IL CASO: Nell’ambito di un giudizio di opposizione all’esecuzione, il Giudice all’esito della fase interinale provvedeva alla parziale sospensione del processo esecutivo ed assegnava alle parti il termine di sei mesi per l’introduzione del giudizio di merito.

Nel costituirsi in quest’ultimo giudizio, introdotto dai creditori procedenti, gli opponenti eccepivano la tardività essendo il giudizio di merito stato instaurato oltre la scadenza del termine trimestrale di cui all’art. 307 c.p.c. L’opposizione veniva rigettata dal Tribunale e la sentenza di primo grado veniva confermata dalla Corte di Appello in sede di gravame.

Pertanto, la vertenza veniva sottoposta dagli esecutati all’esame della Corte di Cassazione i quali insistevano nell’eccezione preliminare di tardività dell’introduzione del giudizio di merito già formulata in primo grado, evidenziando che nonostante il giudice dell’esecuzione avesse assegnato alle parti un termine di sei mesi per introdurre il suddetto giudizio, il termine perentorio da osservare era invece quello di tre mesi stabilito dall’art. 307 c.p.c., comma 3, come modificato dalla legge n. 69 del 2009.

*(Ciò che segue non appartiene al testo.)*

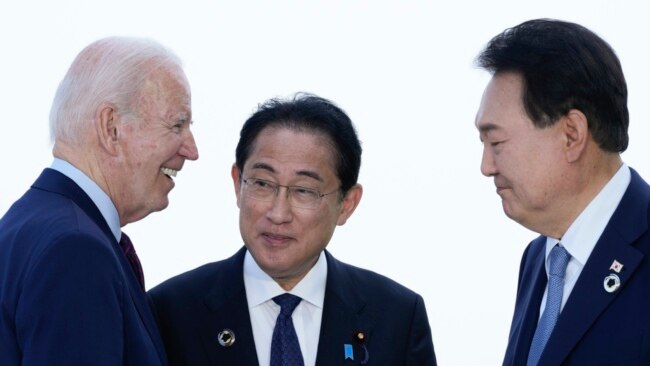 U.S. President Joe Biden, left, talks with Japan's Prime Minister Fumio Kishida and South Korean President Yoon Suk Yeol, right, ahead of a trilateral meeting on the sidelines of the G7 Summit in Hiroshima, Japan, May 21, 2023.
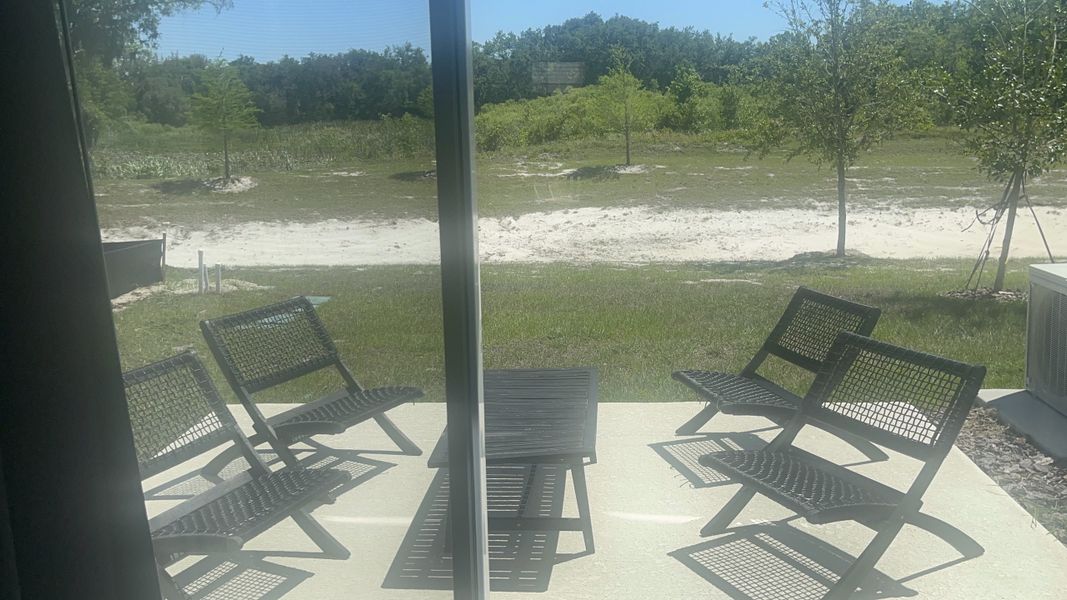 A cozy patio with sleek black chairs overlooking a lush, serene landscape.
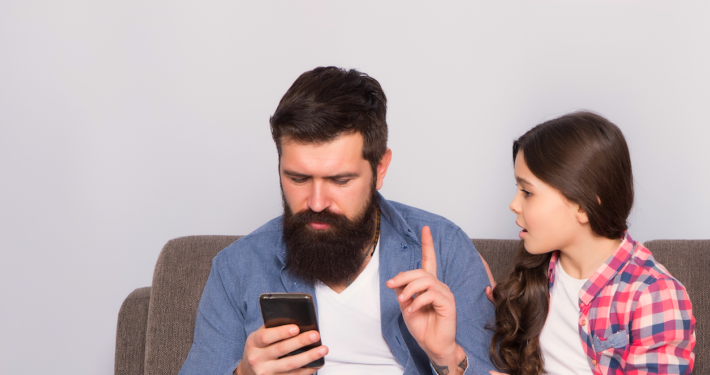 Dad holds up finger to teen as he looks at phone
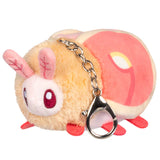 Plush keychain shaped like a cartoonish creature with a pink bow on a white background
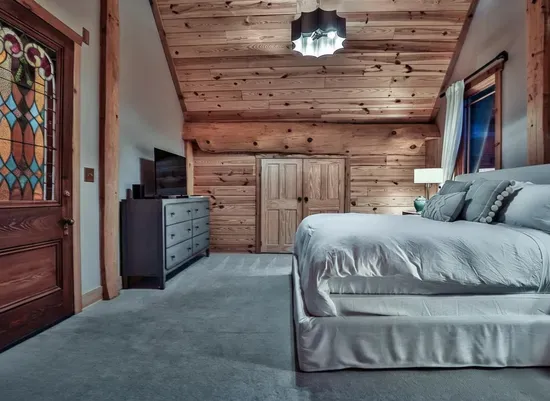 This inviting guest bedroom features a plush king bed, vaulted wood ceilings, and warm natural finishes, creating a peaceful retreat with plenty of space to relax and unwind.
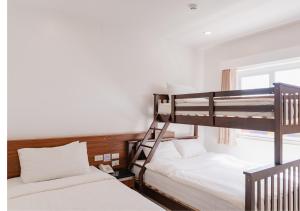 a bedroom with two bunk beds and a window at Cris Inn Tagum in Tagum +14 photos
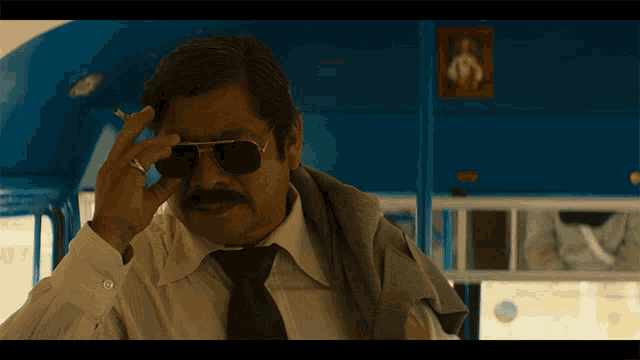 a man with a mustache wearing sunglasses and a cigarette in his hand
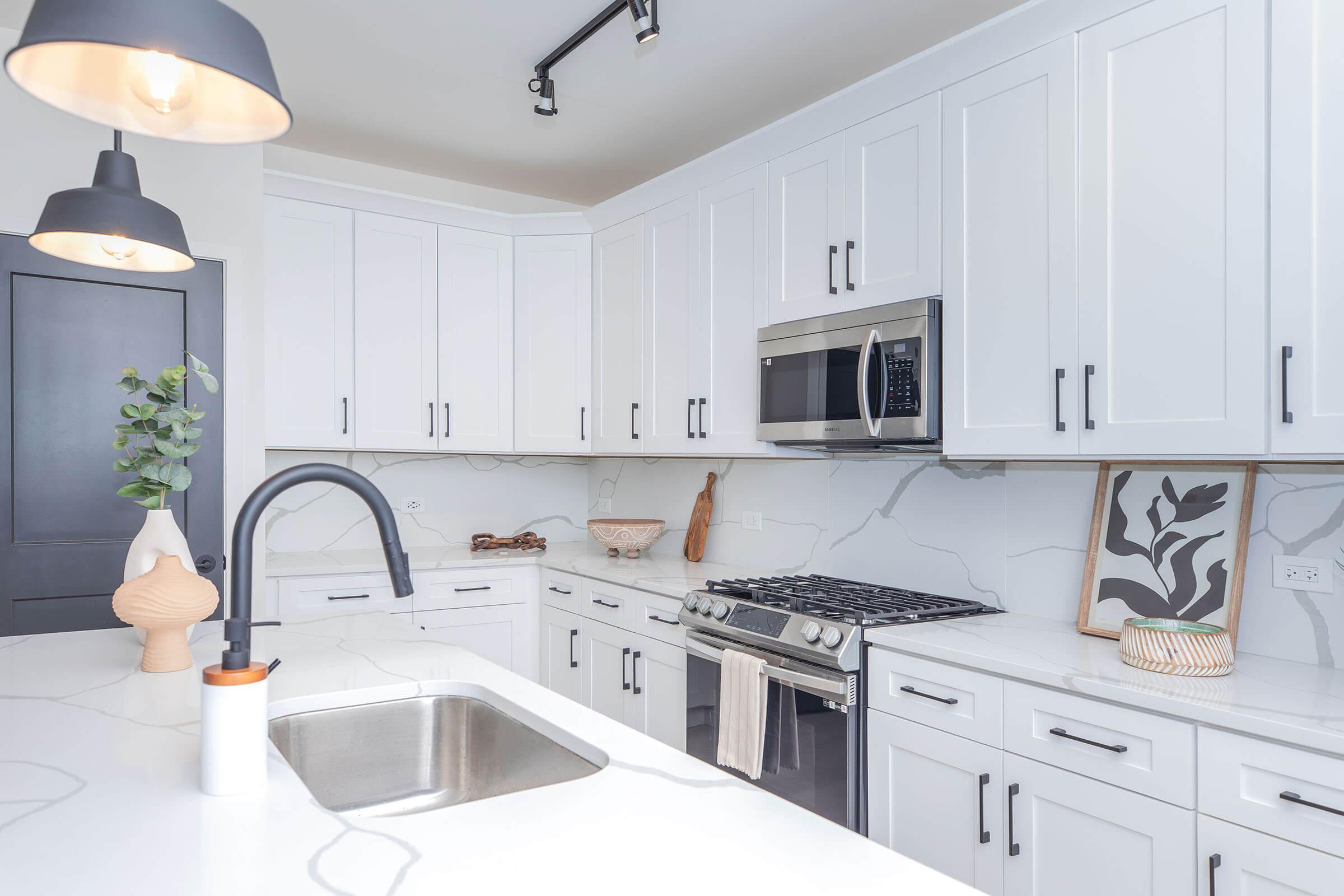A modern kitchen featuring white cabinetry, a stainless steel microwave and gas stove, and a large sink with a sleek faucet. The countertop is made of marble with a marbled design, and there are decorative elements like a vase and artwork on the walls. Pendant lights illuminate the space.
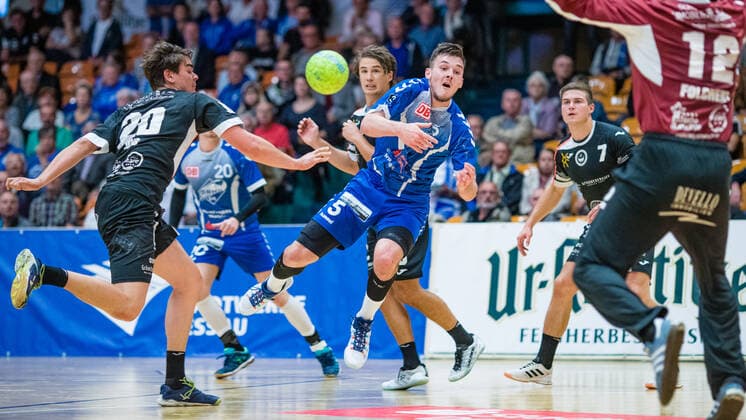 Timo Löser 5 Dessau Rosslauer HV 06 throwing at the goal of Max Folchert 12 HSG Ostsee Nordhorn during the match in the 3 League Handball Men Season 2019 2020 between Dessau Rosslauer HV 06 and HSG Ostsee Nordhorn N G in the Anhalt Arena on 29 September 2019 in Dessau Rosslau, Saxony Anhalt, Germany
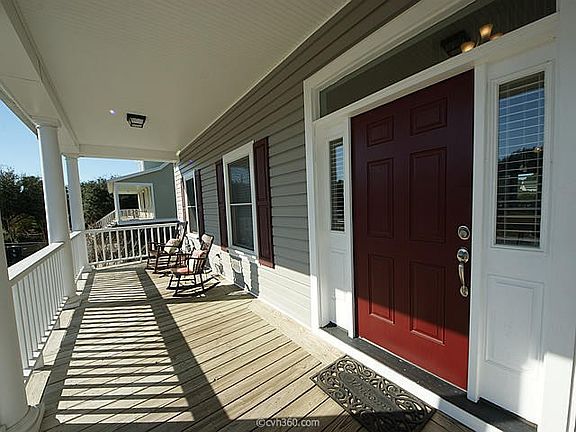 VIEW OF WIDE FULL LENGTH FRONT PORCH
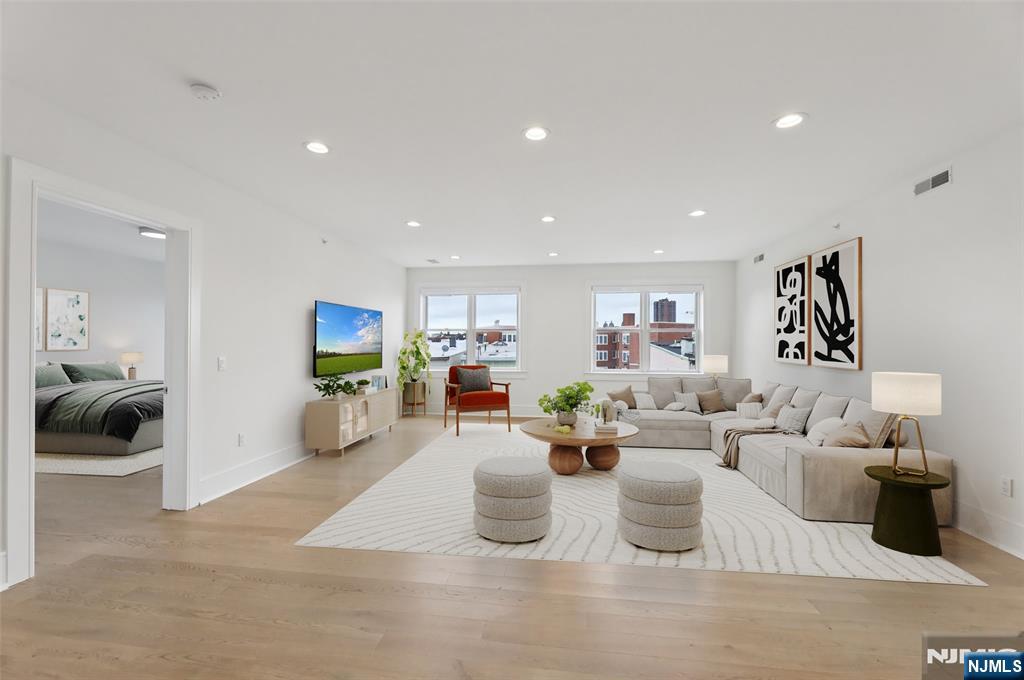 209-211 Hackensack Plank Road, Unit 5B Weehawken, NJ 07086 - Photo 2 of 30 a living room with furniture and a view of living room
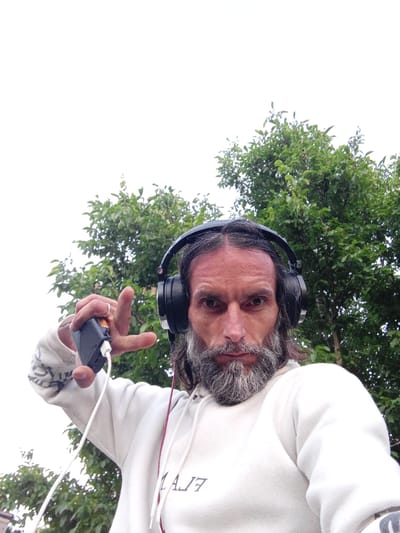 A man with long, dark hair and a gray beard, wearing black headphones and a white hoodie with a design on the front, holds a black rectangular device with a white wire attached in his left hand, his index finger pointing upward. He is outdoors, with green trees and a bright sky visible in the background. The man's face is partially obscured by his beard and headphones, but his eyes are visible, looking directly at the camera. A ring is visible on his left ring finger. The scene appears to be in a rural or suburban outdoor setting, possibly within or near the city of Голубинское сельское поселение, Ukraine.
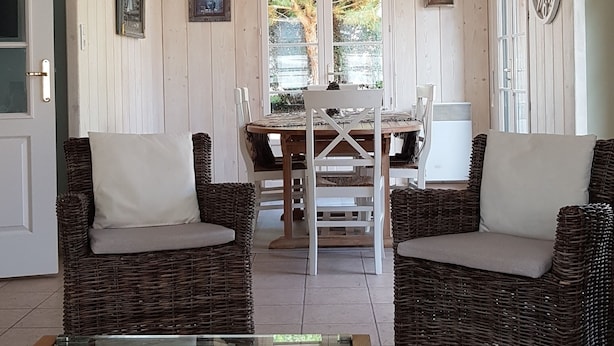 Une pièce meublée de meubles en osier, avec une table basse en verre et un coin repas comprenant une table et des chaises.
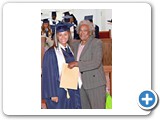 Cordesha Higgs of the SGPAA Class of 2016, receiving a gift from Evangelist Shirley Burrows -490A6562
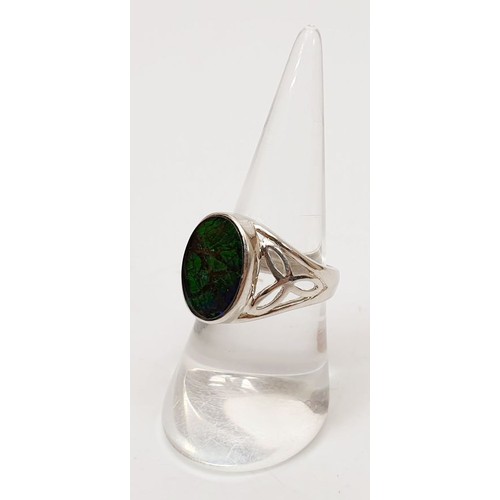 60 - A silver ring set with ammolite, size N/O. UK shipping £14.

LA DECISIONE: Il motivo del ricorso è stato ritenuto infondato dalla Corte di Cassazione la quale nel rigettarlo ha affermato il seguente principio di diritto:

“In tema di opposizione all’esecuzione, il termine che, ai sensi dell’art. 616 c.p.c., il giudice dell’esecuzione deve assegnare alle parti, all’esito della fase sommaria, per introdurre il giudizio di merito o riassumerlo davanti all’ufficio giudiziario competente deve essere contenuto entro quelli minimo (un mese) e massimo (tre mesi) stabiliti dall’art. 307 c.p.c., comma 3. Nondimeno, qualora il giudice erroneamente assegni un termine maggiore, non incorre in decadenza la parte che introduca il giudizio oltre lo spirare dei tre mesi, ma entro il termine concretamente assegnatogli. Infatti, la legge che rimette al giudice di determinare un termine di decadenza entro un limite minimo e massimo non fissa essa stessa un termine perentorio, sostitutivo di quello giudiziario cui le parti debbano comunque attenersi”.

Secondo gli Ermellini:

1. il termine fissato dal giudice dell’esecuzione ai sensi dell’art. 616 c.p.c. è soggetto alla regola generale posta dall’art. 307 c.p.c., comma 3, valevole in tutti i casi in cui non sia stabilita dalla legge la durata dei termini entro cui alle parti spetta di proseguire o riassumere il giudizio e tale termine deve essere stabilito dal giudice;

2. nel caso in cui il Giudice erroneamente assegni alle parti un termine superiore a quello massimo previsto dalla legge, queste ultime non incorreranno in decadenza per il solo fatto di non aver rispettato il termine legale e quindi introducono il giudizio oltre il termine dei tre mesi ma entro il termine assegnato dal Giudice;

3. nel caso in cui il giudice stabilisce un termine perentorio illegittimo in quanto esorbitante il limite massimo consentito dalla legge, le parti devono sempre fare riferimento al contenuto del provvedimento giudiziario per l’eventuale decadenza.